Arts & Entertainment
Alt-Weekly Chicago Reader Acquired By Seattle-Based Media Company, Months After Being on Brink of Closure
(Courtesy of The Chicago Reader)
The Chicago Reader is being acquired by the Seattle-based new media company Noisy Creek, the local alternative weekly publication announced Tuesday.
Noisy Creek also owns the alt-weekly publications the Stranger, in Seattle, and the Portland Mercury. The company was founded by Brady Walkinshaw, the former CEO of the nonprofit climate news organization Grist and a former Democratic state legislator in Washington.
Walkinshaw declined to disclose the financial details of the acquisition, but said the deal is closing this week. Noisy Creek was approached by the Reader about two to three months ago, said Walkinshaw, who described the Reader as the “grande dame” of alternative weeklies in the U.S.
“The relationship of audiences to alt weeklies are fundamentally different than how audiences relate to their daily paper, to public radio, to other media outlets,” Walkinshaw said. “It’s a more personal connection, and it’s a connection that I think society wants more of right now, and that local communities are hungry for.”
The Reader announced it would be introducing Noisy Creek’s event discovery platform, EverOut, as well as the entertainment ticketing service Bold Type Tickets to Chicago as a way to help diversify revenue sources, with goals to launch those services early next year.
Noisy Creek describes its business model as a blend of advertising, print subscriptions, ticketing live events and philanthropy to fund and sustain journalism, according to a news release. Walkinshaw said it follows a “hybrid” nonprofit model by getting support from its Fund for Alternative Journalism, alongside the for-profit Noisy Creek.
The Chicago Reader union will continue to be recognized, according to Walkinshaw.
The Reader currently has 17 unionized staff and its non-union staff stands at 12, according to a union representative. The publication had 491 freelancers who contributed over 1,500 articles last year, according to Chicago Reader Chief of Staff Ellen Kaulig.
The Chicago Reader Union said in a statement it is looking forward to working with Noisy Creek and is “hopeful” that Noisy Creek’s acquisition will “allow the Reader to thrive.” But the union said its future “remains uncertain,” with three voluntary buyouts in recent weeks.
“As of today, Noisy Creek intends to lay off additional members of our unit,” the statement reads. “At a time when news outlets in Chicago and around the country are downsizing, these departures would reduce the size of the Reader’s editorial department by more than 25 percent in all.”
In response, Walkinshaw said via email that the buyouts came before Noisy Creek’s arrival.

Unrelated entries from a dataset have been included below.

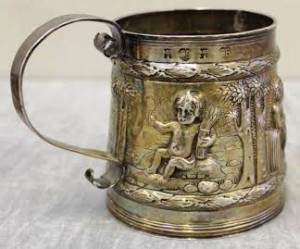 The mug by Charles Begheagle, repousse chased with children representing the Four Seasons.
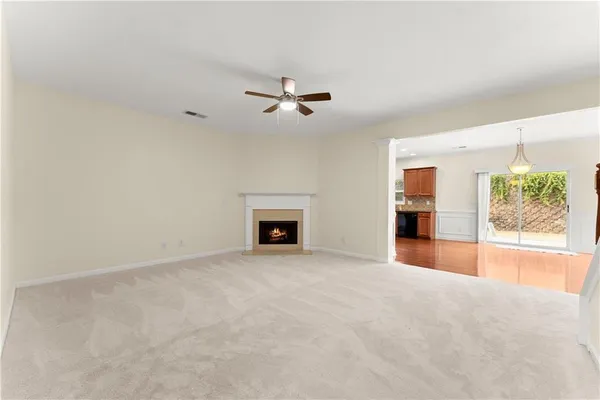 an empty room with windows and fireplace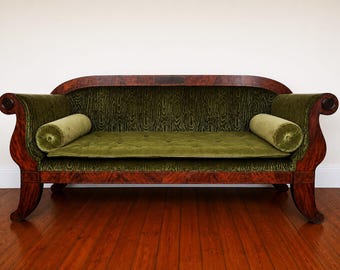 A 19th century French Empire period mahogany sofa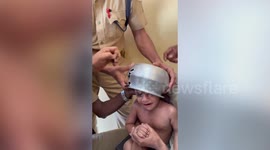Curious toddler gets head stuck in pot, rescue team’s careful effort wins applause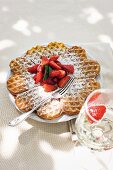 Waffles topped with slices of fruits on plate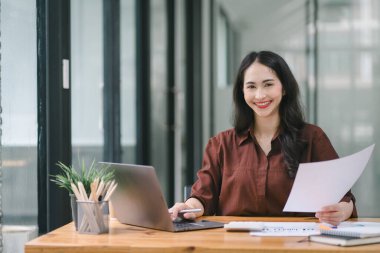 Asyalı bir iş kadını dizüstü bilgisayar kullanıyor ve hesap makinesi ve belgelerle çalışıyor, yatırımlar için mali planlama yapıyor ve mali raporu analiz ediyor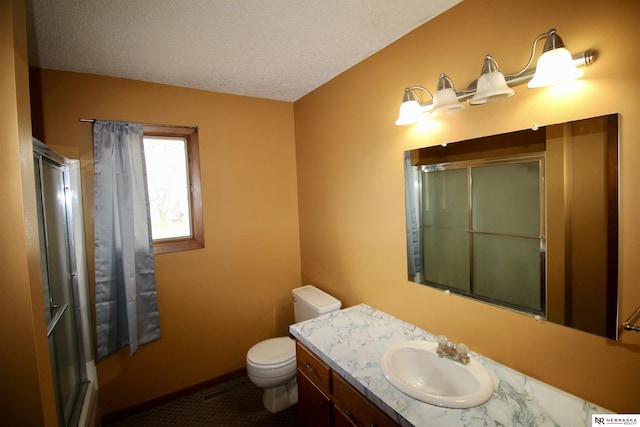 103 Francis St, Daykin, NE 68338 - full bath with a shower with shower door, toilet, vanity, and a textured ceiling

“We’re just kicking off discussions with the Union on the current staffing model,“ Walkinshaw said in an email. “Just like our other publications, we very much anticipate growth just as we’ve done in Seattle and Portland over the past year.”

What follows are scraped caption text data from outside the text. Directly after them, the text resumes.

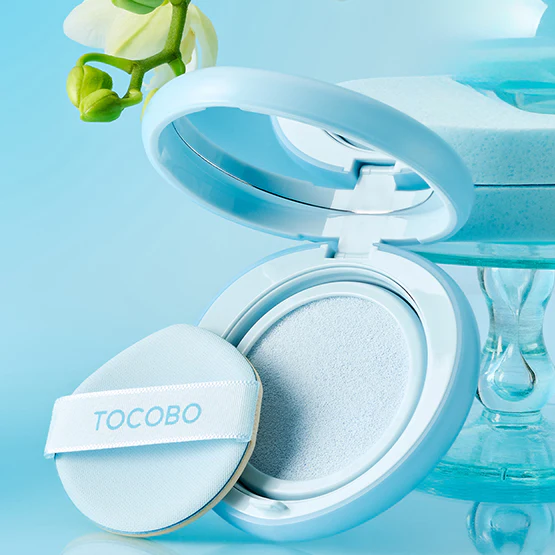 TOCOBO Blur Finish Sun Cushion de TOCOBO, coussin floutant sur décor bleu frais, packaging ouvert et poudre visible.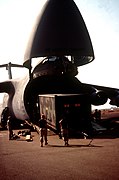 Tactical Airlift Control Element (TALCE) equipment from the 436th Airlift Wing, Dover AFB, DE is unloaded from a C-5 Galaxy after arriving at the airport. The TALCE will help contro - DPLA - 3944012c1789d7e29a07d75f56cab92d.jpeg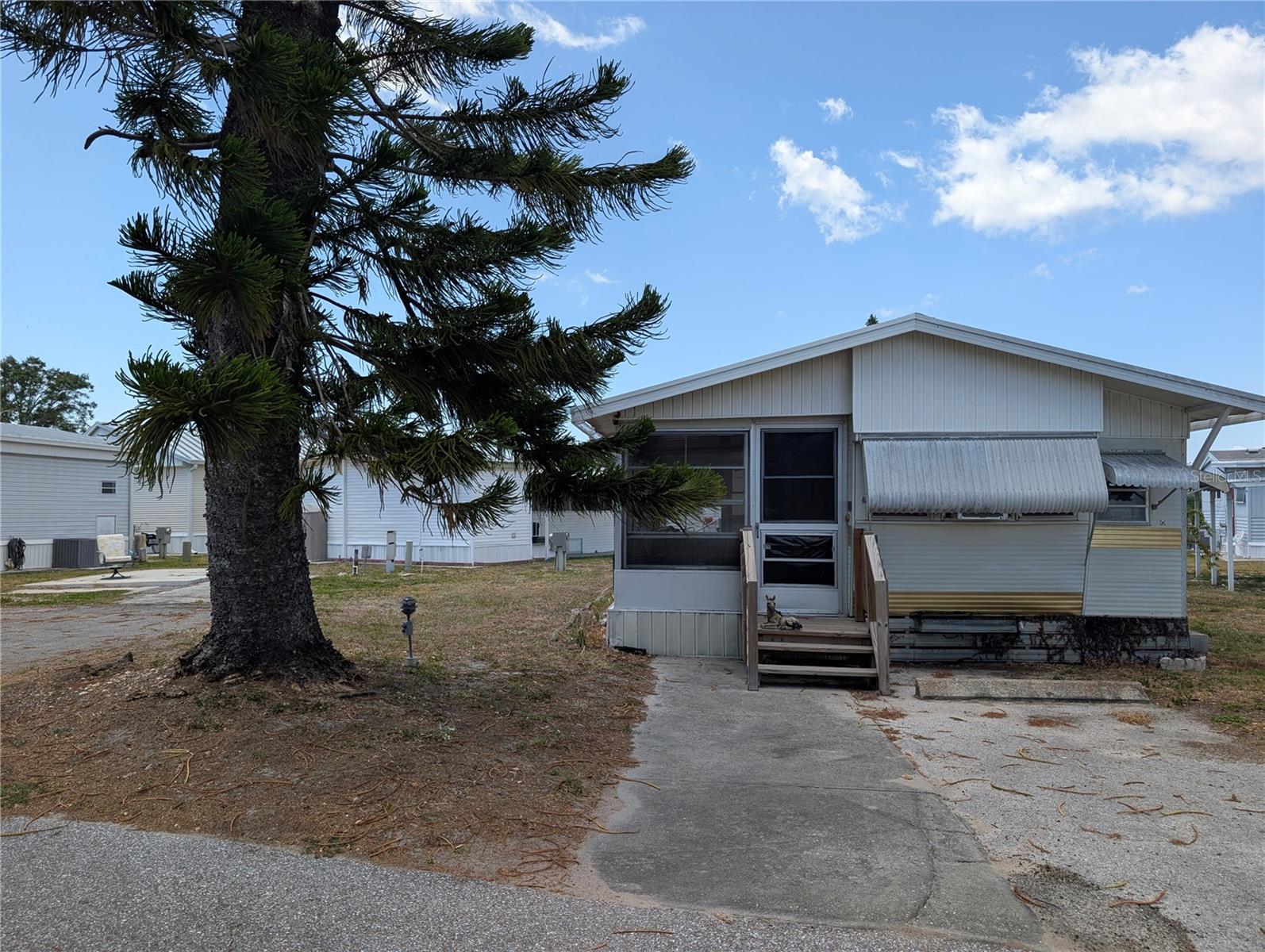 This sale includes two lots right next to each other. One lot is vacant. The other lot has a mobile home on it that is a fixer upper or you have the option of tearing it down and having two RV lots. This community allows for immediate seasonal rentals, allowing you to rent one or both of the lots out right away. This 55+ community features a heated pool, large clubhouse and shuffleboard courts. Not to mention loads of wintertime activities. Owners must have a minimum credit score of 750 to purchase within this park.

The ownership change comes after the Reader announced layoffs earlier this year and was at the brink of closure due to what leaders described as “a combination of financial losses, operational challenges, and external pressures.” The publication’s former CEO and publisher Solomon Lieberman also stepped down at that time.

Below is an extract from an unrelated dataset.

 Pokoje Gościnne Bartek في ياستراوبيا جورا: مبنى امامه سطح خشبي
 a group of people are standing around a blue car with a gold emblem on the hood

The Reader joining Noisy Creek will give the publication’s editorial team more resources to expand on their work, according to Kaulig.
“Over the past eight months, we’ve really had to go down to a minimum viable product because we’ve really been in sustainability mode — just survive,” Kaulig said. “What this allows us to do is to go into a thrive mode, so this actually will allow us to get back to deepening that impact.”
As part of the transition under new ownership, Noisy Creek is also launching a national search for an editor-in-chief to lead the Reader’s editorial team, according to a news release.
The Reader has been a cornerstone of Chicago’s cultural and political landscape since it was founded in 1971. The Reader distributes its work as free digital and weekly print publication, with a focus on arts coverage, feature reporting and long-form journalism. The Reader will continue to be offered for free, according to Walkinshaw.
When asked whether the Reader would continue its weekly print publication, Walkinshaw said, “We’ll very much continue in print. I think we’re figuring out the right cadence of publishing, but print publications are absolutely core to our strategy, and we’re very excited to be in print.”